Task prompt
Only the lines from the one with "Kathy piros matyó mintás maxi ruha" through the last line of the records below belong in your answer, reproduced exactly and with the pictures left out.

The input

________________________

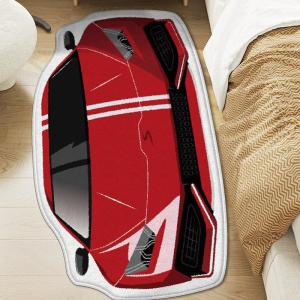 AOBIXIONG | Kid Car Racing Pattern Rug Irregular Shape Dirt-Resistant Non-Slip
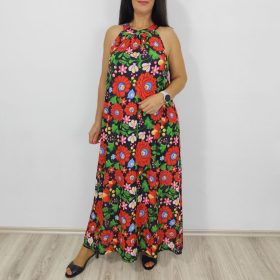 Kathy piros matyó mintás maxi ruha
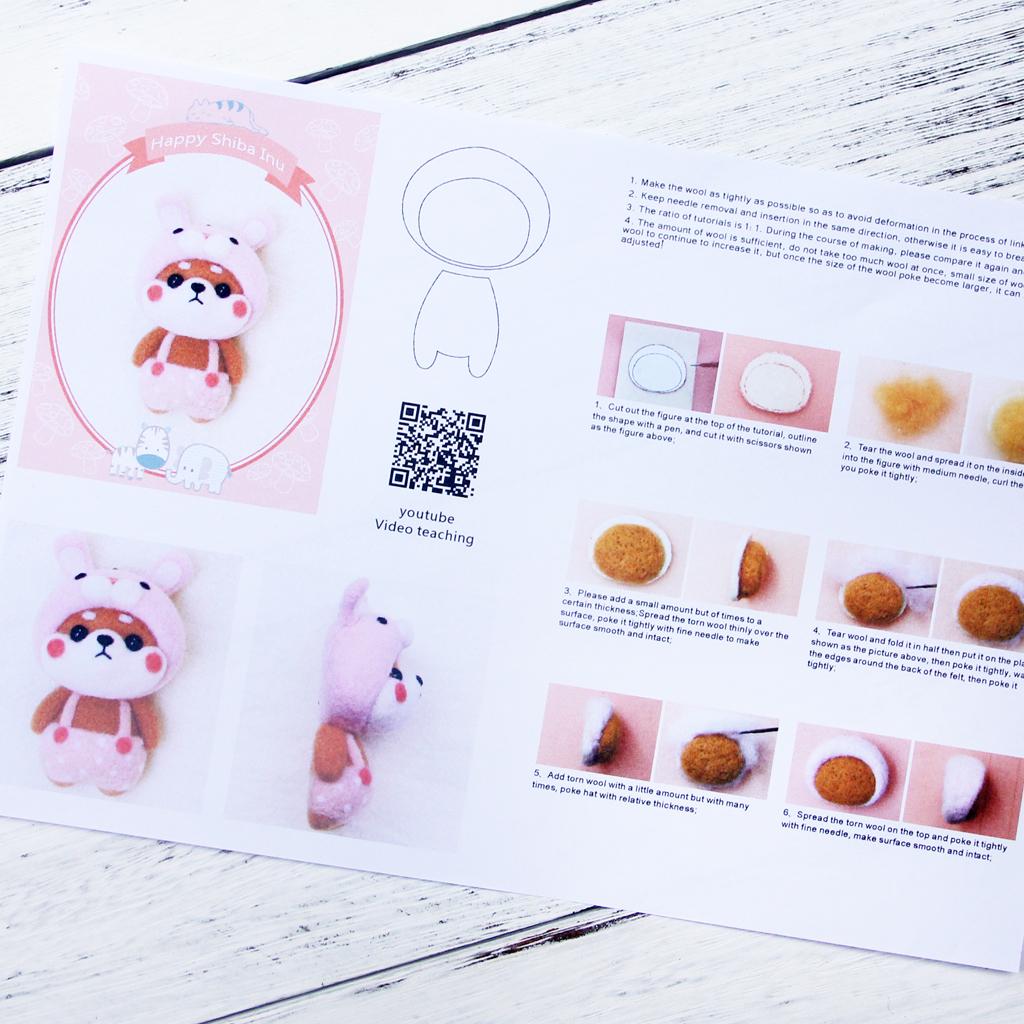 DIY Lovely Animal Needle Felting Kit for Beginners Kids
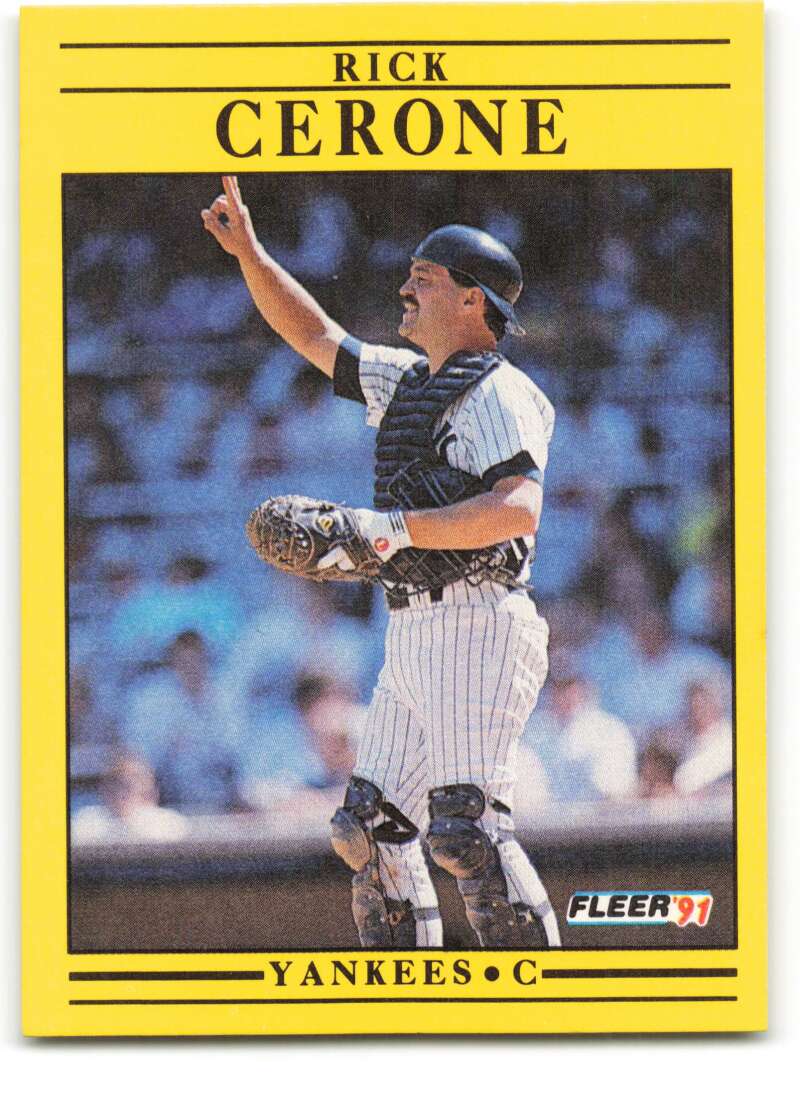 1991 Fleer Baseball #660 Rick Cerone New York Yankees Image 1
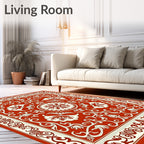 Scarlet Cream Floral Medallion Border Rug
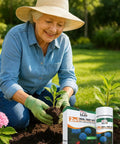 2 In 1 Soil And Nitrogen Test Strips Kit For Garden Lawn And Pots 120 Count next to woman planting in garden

________________________

Written reply
 Kathy piros matyó mintás maxi ruha
 DIY Lovely Animal Needle Felting Kit for Beginners Kids
 1991 Fleer Baseball #660 Rick Cerone New York Yankees Image 1
 Scarlet Cream Floral Medallion Border Rug
 2 In 1 Soil And Nitrogen Test Strips Kit For Garden Lawn And Pots 120 Count next to woman planting in garden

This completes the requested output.